Table 8 summarizes the genes analyzed in the custom plate, including preselected miRNA markers and spike-in controls applied in the analysis: the control, hemolysis markers, and reference markers. We provided a detailed description of the spike-in controls in the appendix (Appendix A).

4.3. Statistical Analysis

We presented all continuous variables as means with standard deviation for normal distribution or medians (upper and lower quartile) for non-normal distribution. We tested the normality of the distribution of variables using the Kolmogorov–Smirnov test and presented categorical variables as counts and percentages or frequencies. We assessed the significance of differences between the mean values of the continuous data consistent with the normal distribution using one-way ANOVA and Tukey’s Test. To compare the continuous data inconsistent with the normal distribution, we used Mann–Whitney and Kruskal–Wallis tests with Benjamini–Hochberg post hoc analysis and compared categorical variables using the χ2 test.
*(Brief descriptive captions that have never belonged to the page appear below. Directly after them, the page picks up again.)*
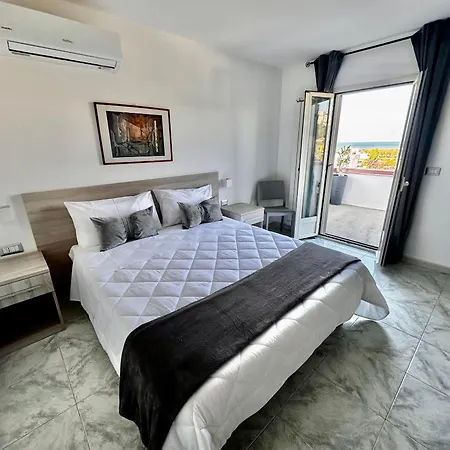 Bella Bed & Breakfast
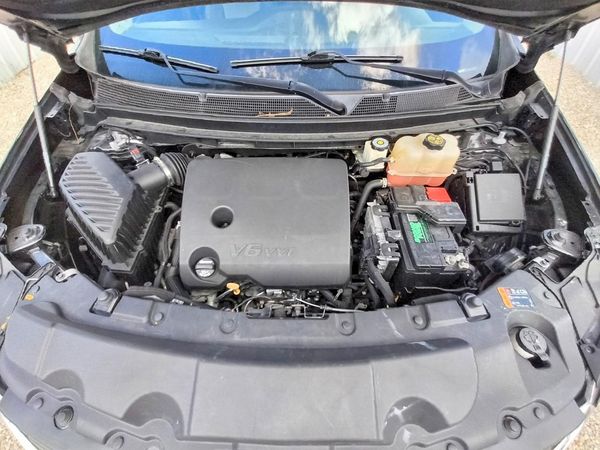 2018 CHEVROLET TRAVERSE LS — Engine bay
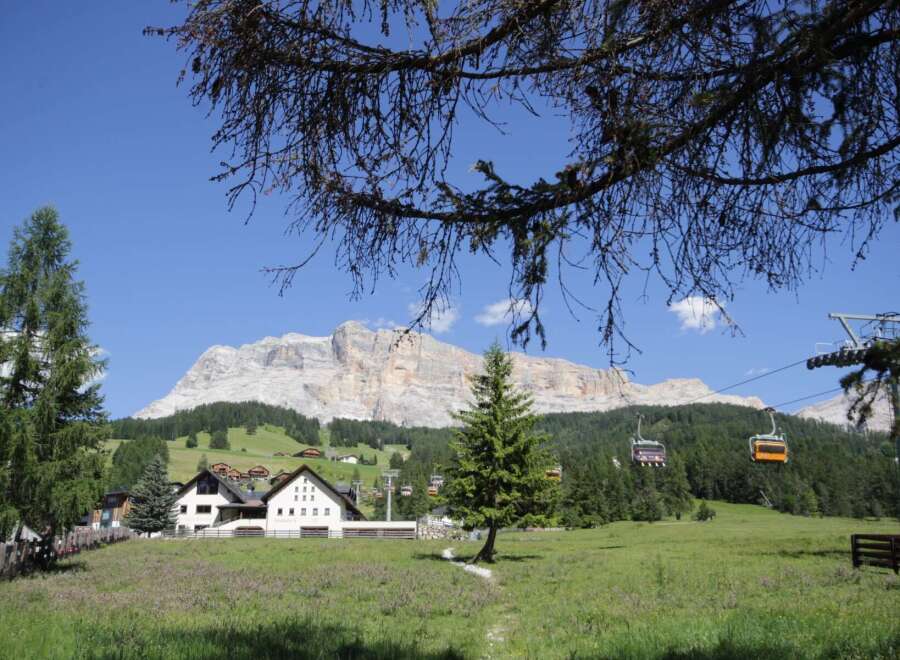 Discover the charm of this stunning property nestled in a picturesque mountain landscape.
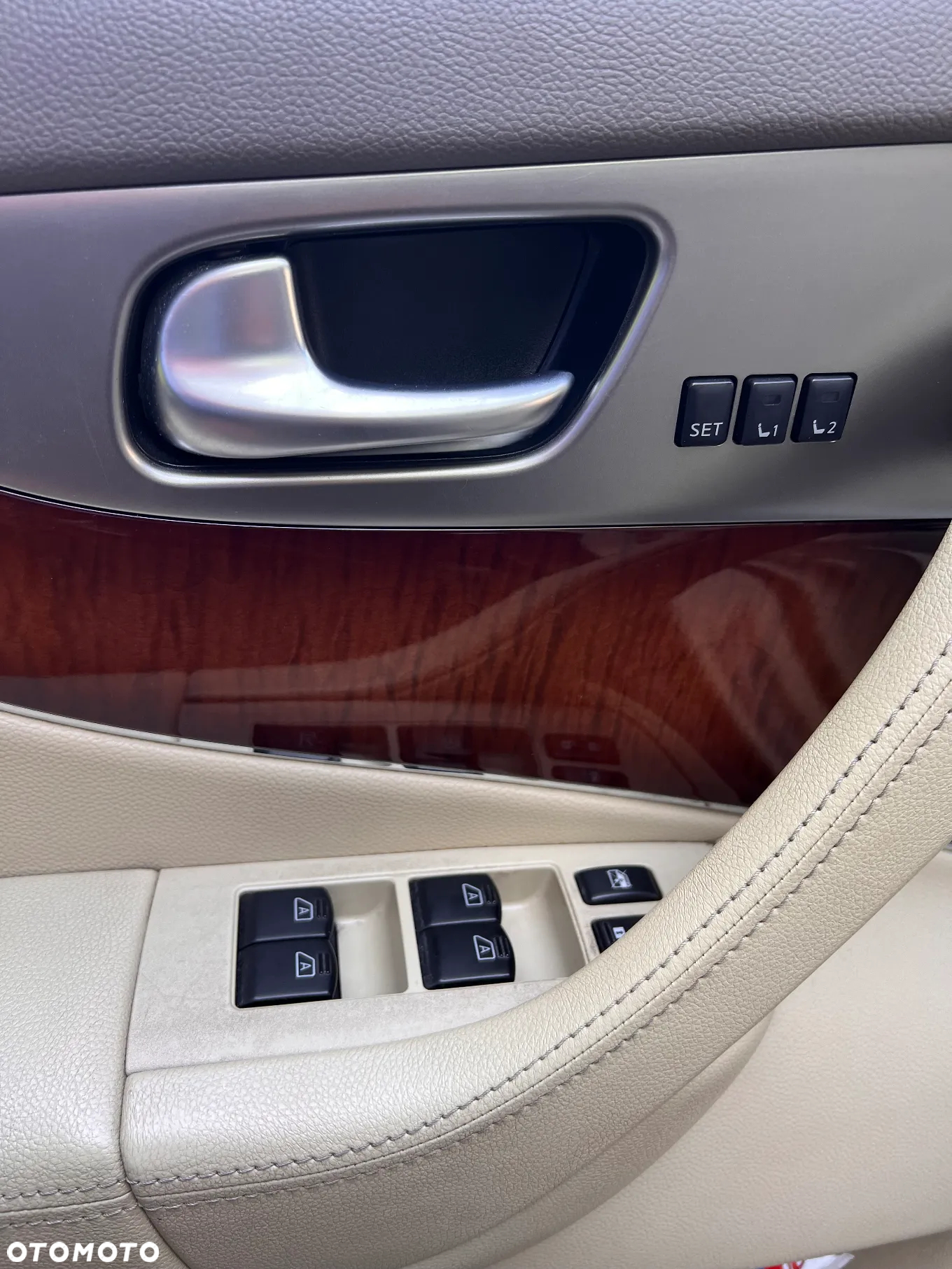 Infiniti Q70 3.7 S Premium - 8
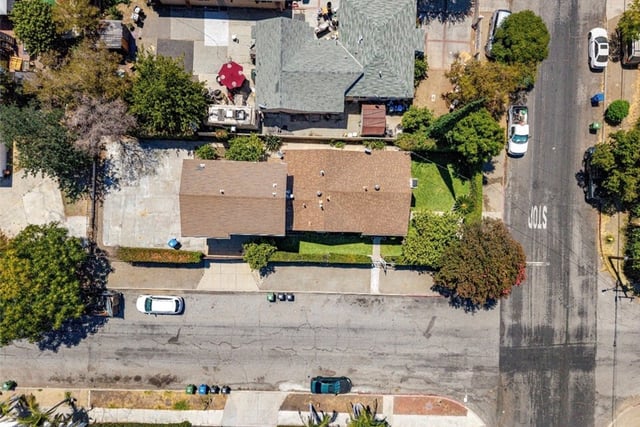 10322 Rincon Avenue, Pacoima, CA 91331 — photo 4 of 33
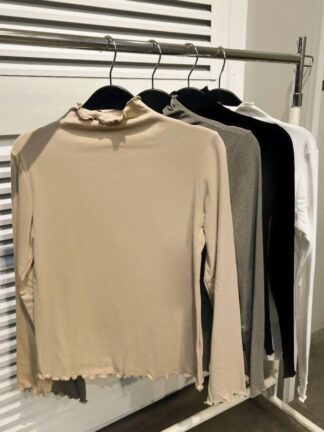 木耳邊高領內搭上衣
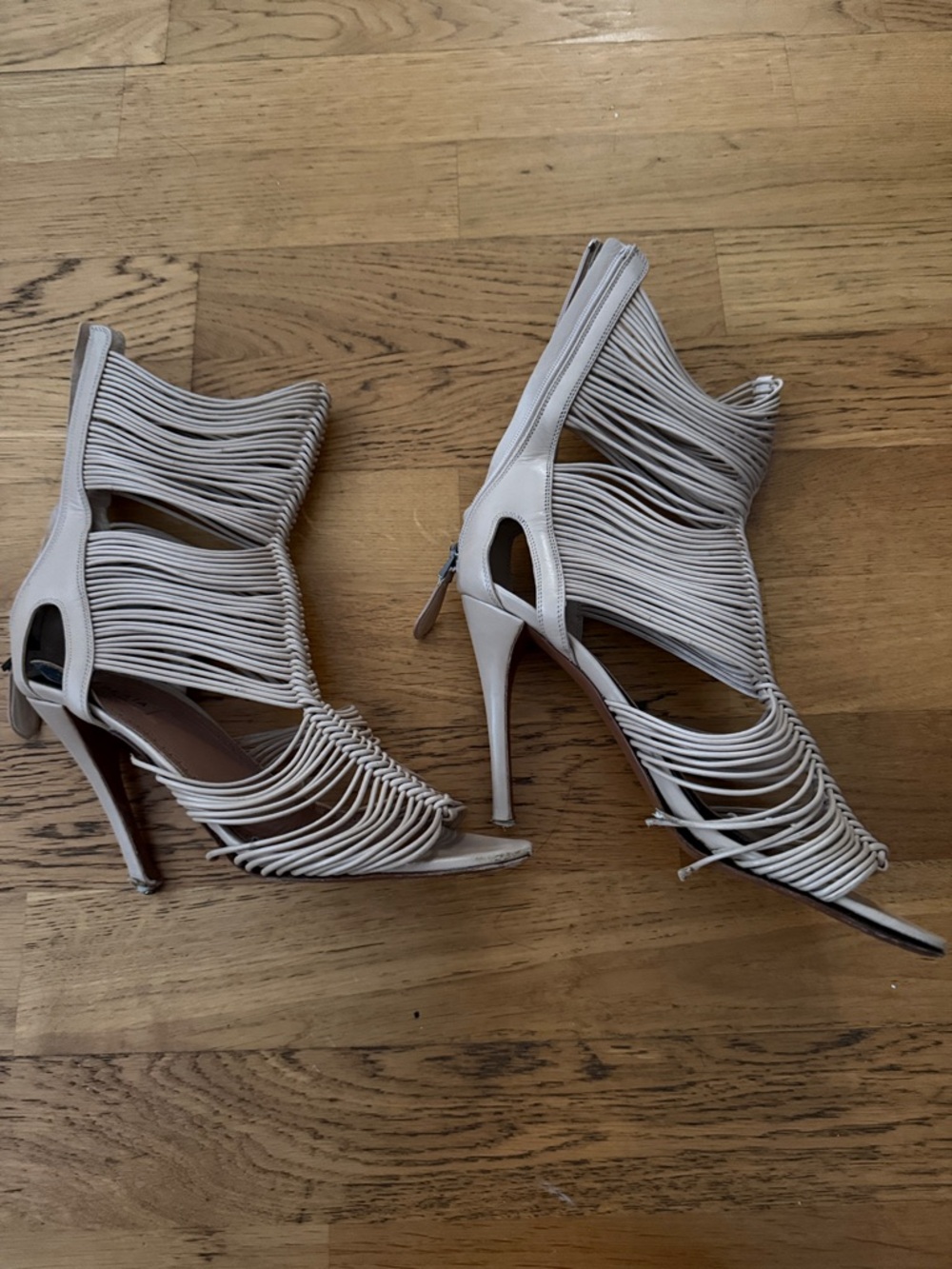 Alaïa vintage Strappy High Heel Sandals in Light Beige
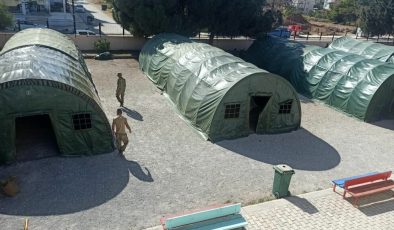 KTÖS, hükümete sert çıktı: İtibardan tasarruf edemeyenler öğrenciye çadırı reva görüyor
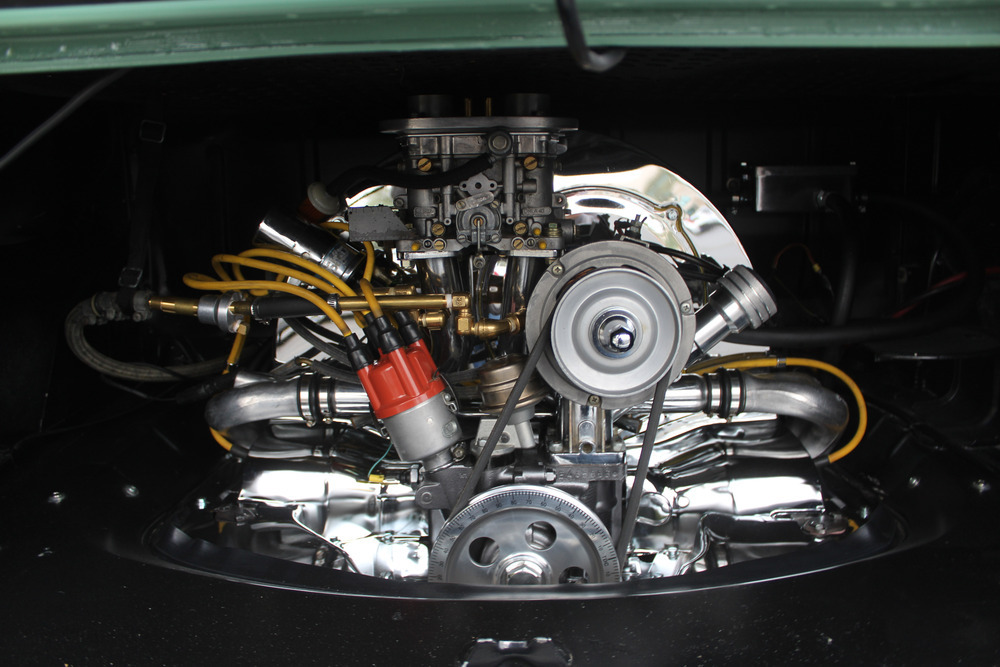 1971 VOLKSWAGEN CUSTOM BUS - Engine - 239965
We performed an analysis of array data with GENEGLOBE online software (https://geneglobe.qiagen.com/pl/analyze, accessed on 12 January 2023). We used the global mean as a reference for the PCR-array analysis and calculated the p values based on a Student’s t-test of replicate 2(−ΔCT) values for each miRNA in the control and treatment groups. Subsequently, we based the p-value calculation on a parametric, two-sample equal variance, unpaired, two-tailed analysis. In the current analysis, the selection criteria to elaborate potential miRNA markers were the fold-regulation ≥ 2 and p ≤ 0.05.
We conducted the univariate logistic regression analysis to evaluate confounding factors for each CAAD comparison (Group 1 vs. Group 2 and Group 1 vs. Group 3). The confounding factor was selected based on a p value < 0.1. The multivariate logistic regression analysis was conducted for each comparison with confounding factors that met the criteria in univariate analysis (Model 1). The following step was to create the Model 2 by adding the analyzed miRNA to Model 1, which had an expression that was significantly different between the compared groups (Table 2). We assessed the model fit for Model 1 and Model 2 using the Akaike information criterion (AIC) and pseudo-R-squared values. The model with the lowest AIC value was considered the best. The higher pseudo-R-squared value indicated a better model fit. All statistical analyses were two-sided and were conducted with PQStat Software (PQStat v.1.8.0.476, Poznań, Poland). A p value < 0.05 was considered a statistical significance.

5. Conclusions

The clinical use of the studied miRNAs as markers requires validation on a bigger cohort or advanced sequencing techniques. However, preliminary analysis indicates that miR-451a is a significant marker of CAAD compared to patients without concomitant aneurysms. In turn, miR-328-3p is a significant marker of CAAD compared to patients without significant changes in the coronary arteries.

Supplementary Materials

The following supporting information can be downloaded at: https://www.mdpi.com/article/10.3390/ijms24065817/s1.

Author Contributions

Conceptualization, S.I., T.L. and A.A.; methodology, S.I. and T.L.; software, A.C. and G.K.; validation, A.H. and T.L.; formal analysis, T.L. and S.I.; investigation, S.I. and T.L.; resources, M.G. and M.L.; data curation, A.C., K.M. and G.K.; writing—original draft preparation, S.I. and T.L.; writing—review and editing, P.W., A.C., P.P.J., M.G., M.L. and A.A.; visualization, S.I.; supervision, P.P.J., M.G., M.L. and A.A.; project administration, S.I.; funding acquisition, A.A. All authors have read and agreed to the published version of the manuscript.

Funding

This research was funded by Polish Cardiac Society, grant number 09/2018.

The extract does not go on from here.